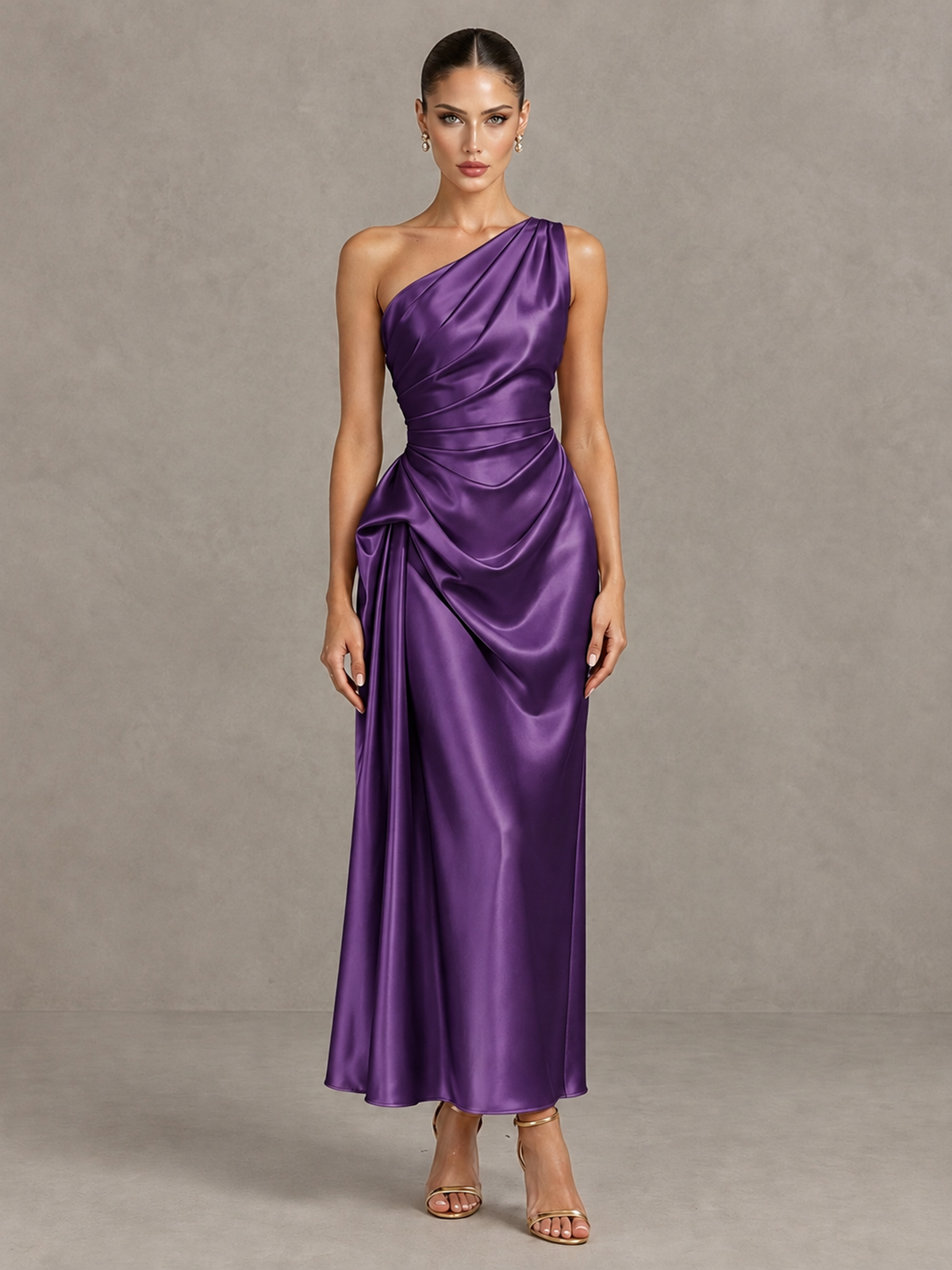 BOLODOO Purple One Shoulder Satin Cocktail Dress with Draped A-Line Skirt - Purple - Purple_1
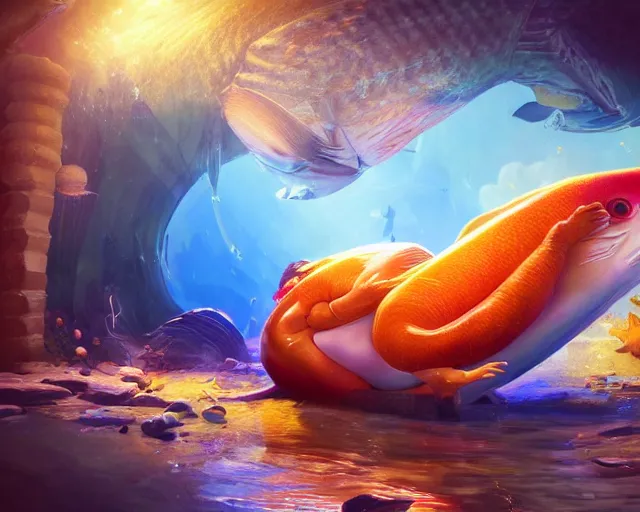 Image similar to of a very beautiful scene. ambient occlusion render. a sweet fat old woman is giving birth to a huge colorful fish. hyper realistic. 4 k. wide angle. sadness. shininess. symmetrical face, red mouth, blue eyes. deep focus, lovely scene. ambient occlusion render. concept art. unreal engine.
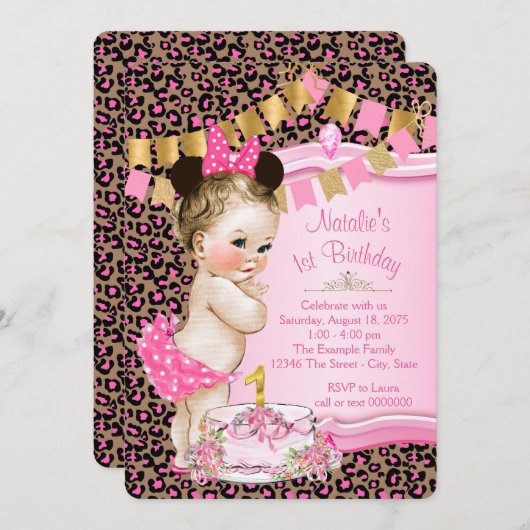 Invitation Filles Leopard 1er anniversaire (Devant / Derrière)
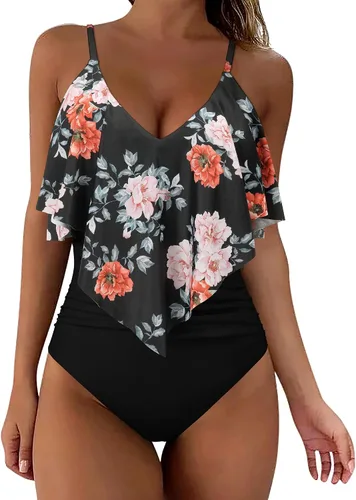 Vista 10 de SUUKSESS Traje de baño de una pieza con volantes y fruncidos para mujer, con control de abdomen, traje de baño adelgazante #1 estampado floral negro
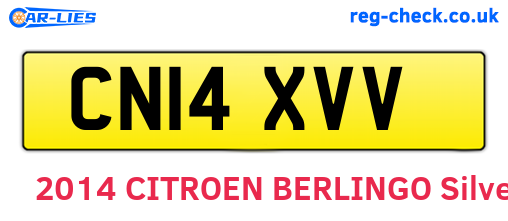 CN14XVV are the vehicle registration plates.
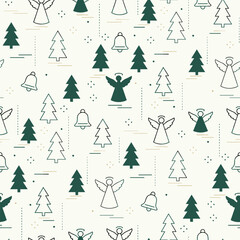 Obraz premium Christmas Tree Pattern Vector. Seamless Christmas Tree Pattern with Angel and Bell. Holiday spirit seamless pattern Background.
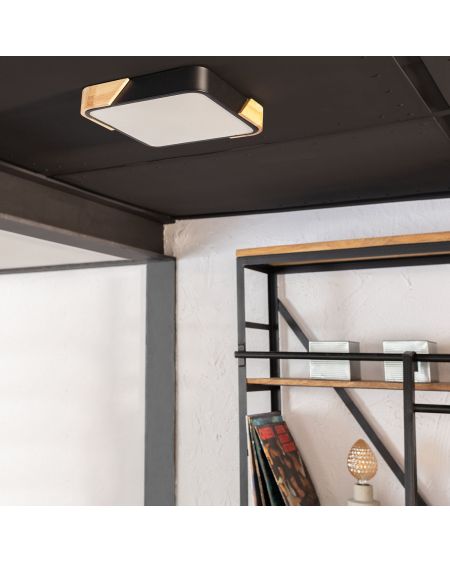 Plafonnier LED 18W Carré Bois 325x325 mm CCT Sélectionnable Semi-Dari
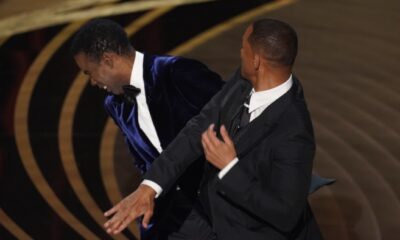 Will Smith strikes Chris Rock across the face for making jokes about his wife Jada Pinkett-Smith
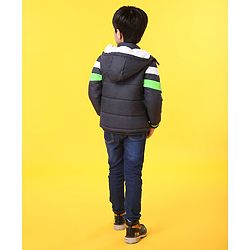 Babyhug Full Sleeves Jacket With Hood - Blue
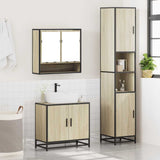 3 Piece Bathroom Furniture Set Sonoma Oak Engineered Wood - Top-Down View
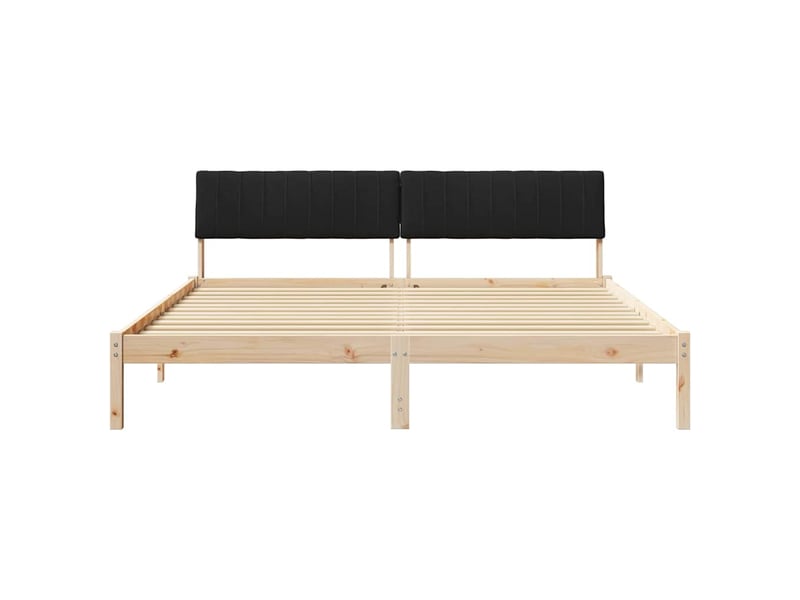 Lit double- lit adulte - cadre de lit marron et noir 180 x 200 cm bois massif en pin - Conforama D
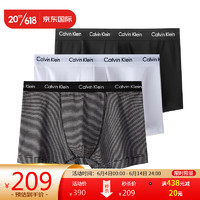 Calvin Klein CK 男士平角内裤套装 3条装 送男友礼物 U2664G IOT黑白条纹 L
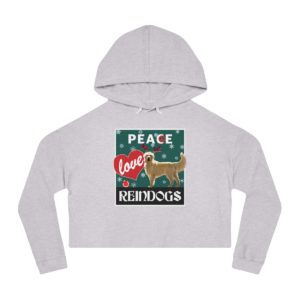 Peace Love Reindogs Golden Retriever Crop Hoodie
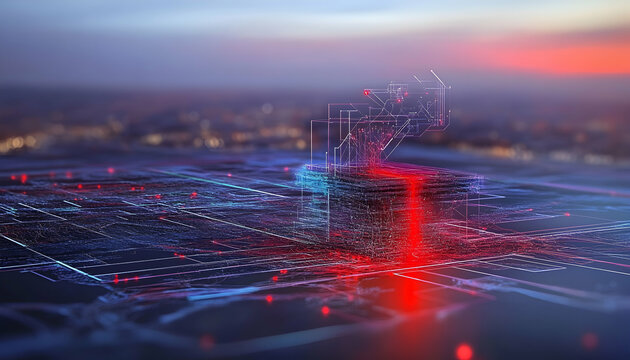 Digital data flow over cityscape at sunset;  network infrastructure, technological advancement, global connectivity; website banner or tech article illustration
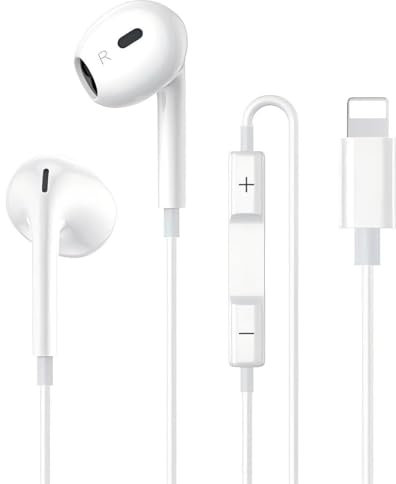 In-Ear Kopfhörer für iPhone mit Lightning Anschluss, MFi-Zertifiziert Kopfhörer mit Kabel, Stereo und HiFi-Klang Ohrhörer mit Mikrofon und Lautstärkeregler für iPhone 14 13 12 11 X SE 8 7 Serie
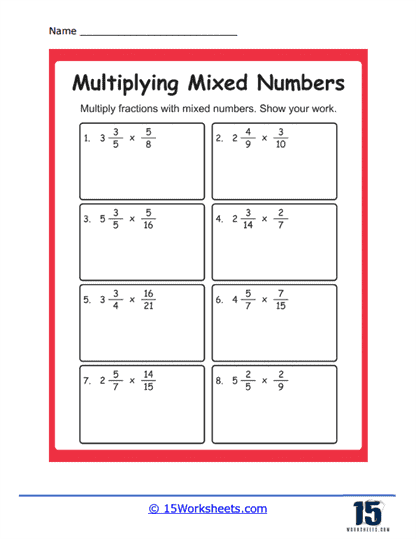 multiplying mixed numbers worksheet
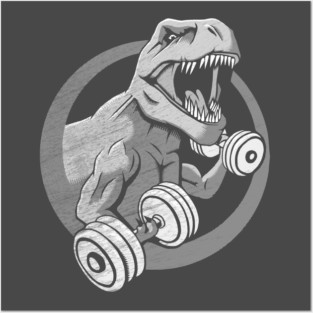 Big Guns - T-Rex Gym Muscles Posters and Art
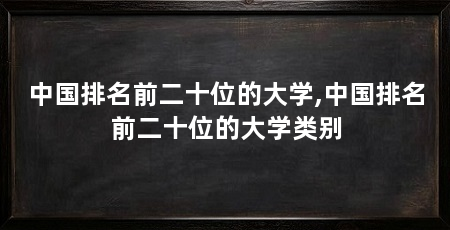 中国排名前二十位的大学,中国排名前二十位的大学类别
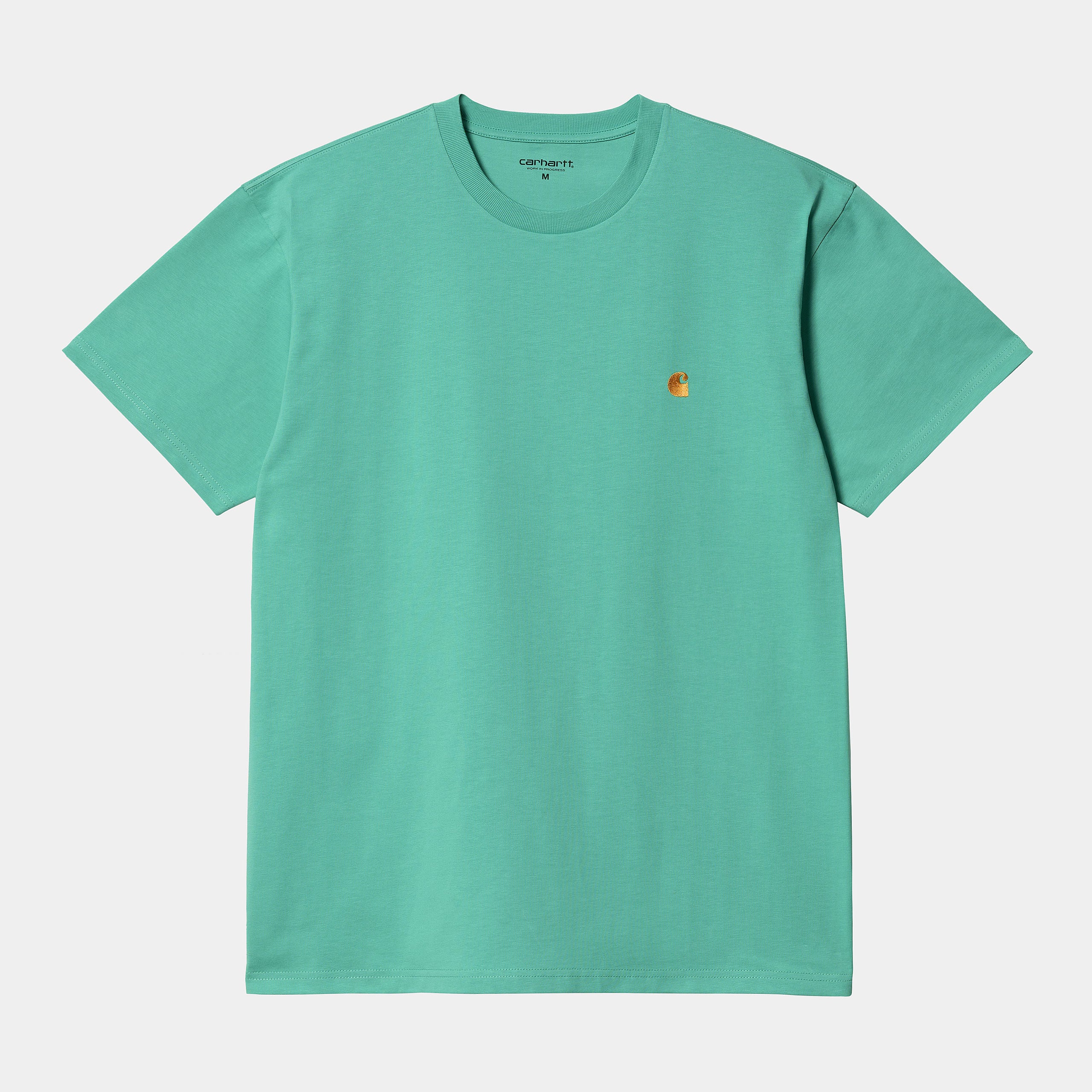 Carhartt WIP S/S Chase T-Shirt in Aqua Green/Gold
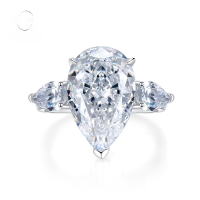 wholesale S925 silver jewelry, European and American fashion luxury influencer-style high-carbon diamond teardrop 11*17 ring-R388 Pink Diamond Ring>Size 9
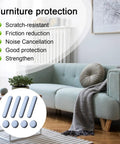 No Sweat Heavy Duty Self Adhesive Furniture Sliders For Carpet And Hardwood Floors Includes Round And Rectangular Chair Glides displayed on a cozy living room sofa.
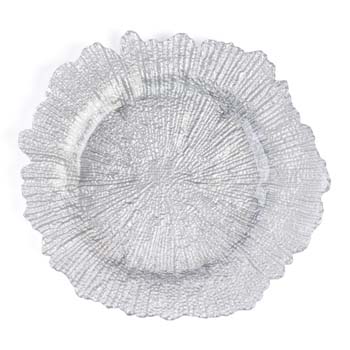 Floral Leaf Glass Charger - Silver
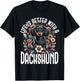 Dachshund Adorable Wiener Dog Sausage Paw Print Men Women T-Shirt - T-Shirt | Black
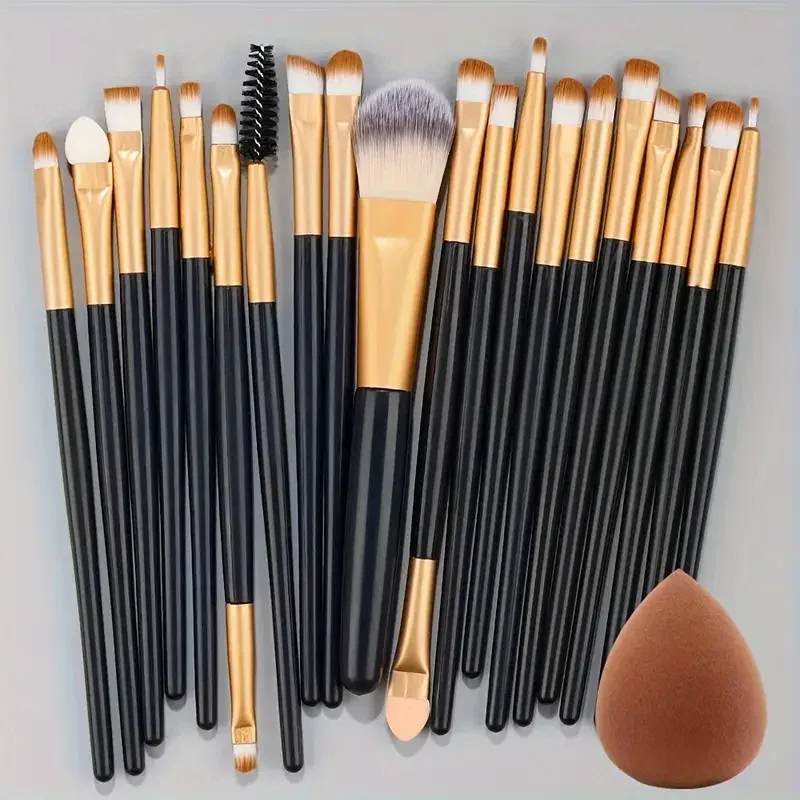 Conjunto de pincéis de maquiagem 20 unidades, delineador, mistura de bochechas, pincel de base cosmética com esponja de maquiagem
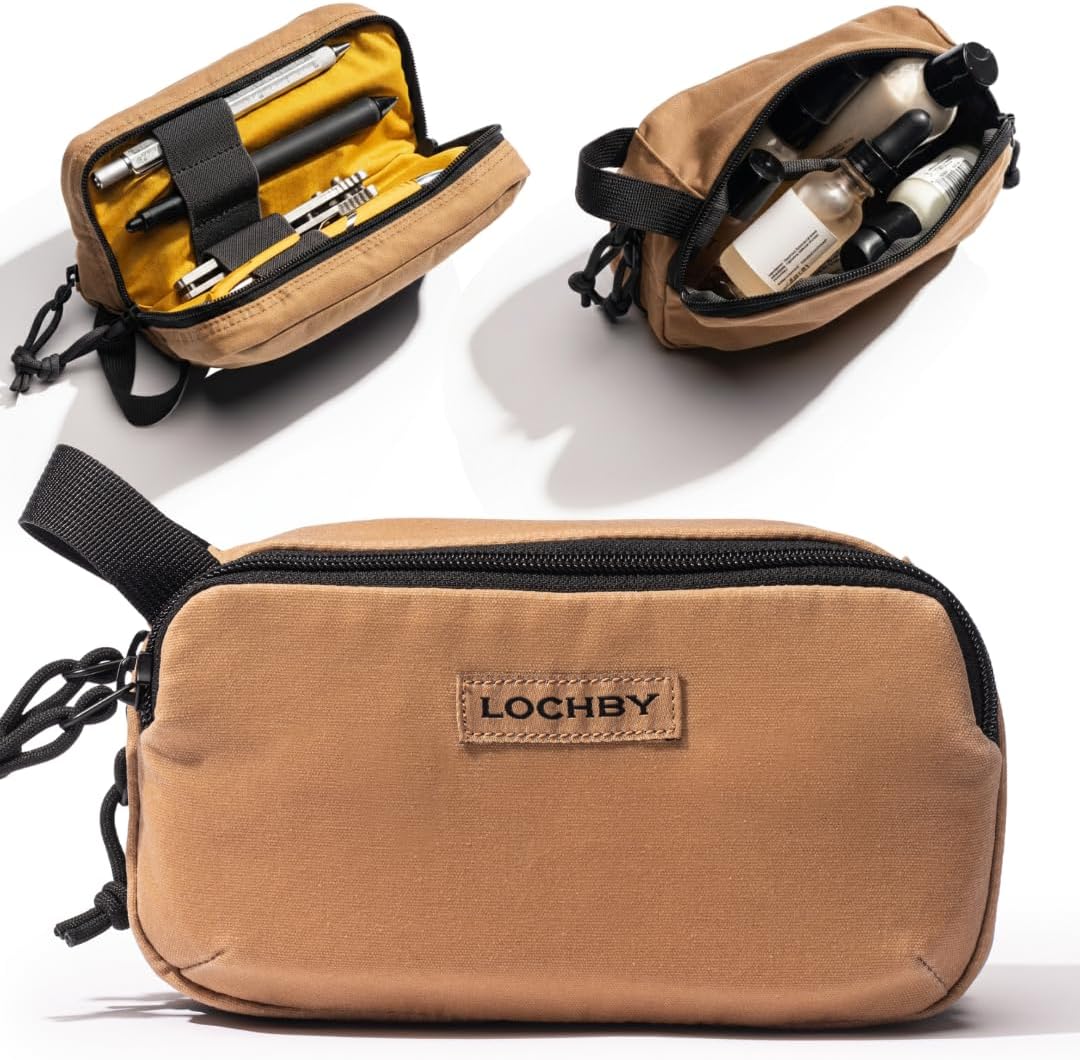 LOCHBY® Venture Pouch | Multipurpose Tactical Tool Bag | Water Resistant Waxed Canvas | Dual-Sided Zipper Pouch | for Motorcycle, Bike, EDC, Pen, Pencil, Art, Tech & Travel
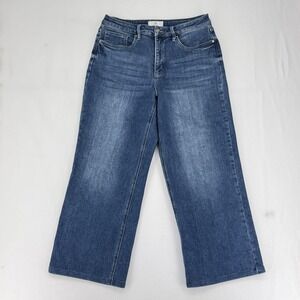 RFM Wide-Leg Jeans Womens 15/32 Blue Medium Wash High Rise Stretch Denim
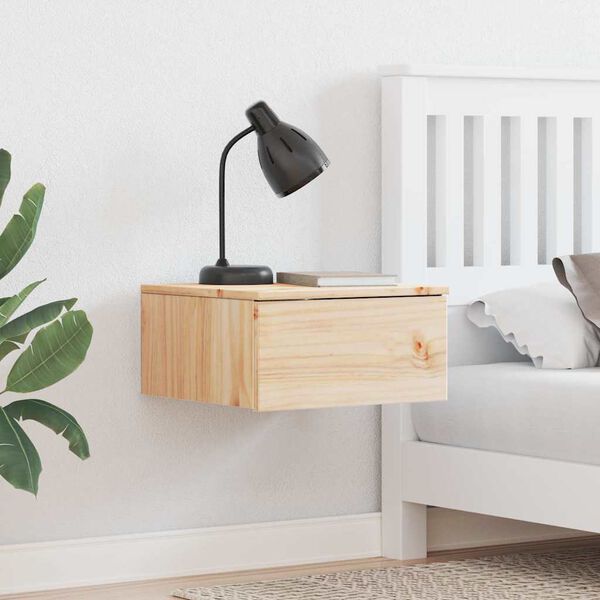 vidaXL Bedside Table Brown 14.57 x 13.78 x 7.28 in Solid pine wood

□ □ □ □ □ □ □

Task goal: What you write out is the stretch of entries from the line containing "Digital data flow" to the line containing "Carhartt WIP S/S", word for word, with both end lines and no pictures.

Result:
 Digital data flow over cityscape at sunset;  network infrastructure, technological advancement, global connectivity; website banner or tech article illustration
 In-Ear Kopfhörer für iPhone mit Lightning Anschluss, MFi-Zertifiziert Kopfhörer mit Kabel, Stereo und HiFi-Klang Ohrhörer mit Mikrofon und Lautstärkeregler für iPhone 14 13 12 11 X SE 8 7 Serie
 multiplying mixed numbers worksheet
 Big Guns - T-Rex Gym Muscles Posters and Art
 中国排名前二十位的大学,中国排名前二十位的大学类别
 Carhartt WIP S/S Chase T-Shirt in Aqua Green/Gold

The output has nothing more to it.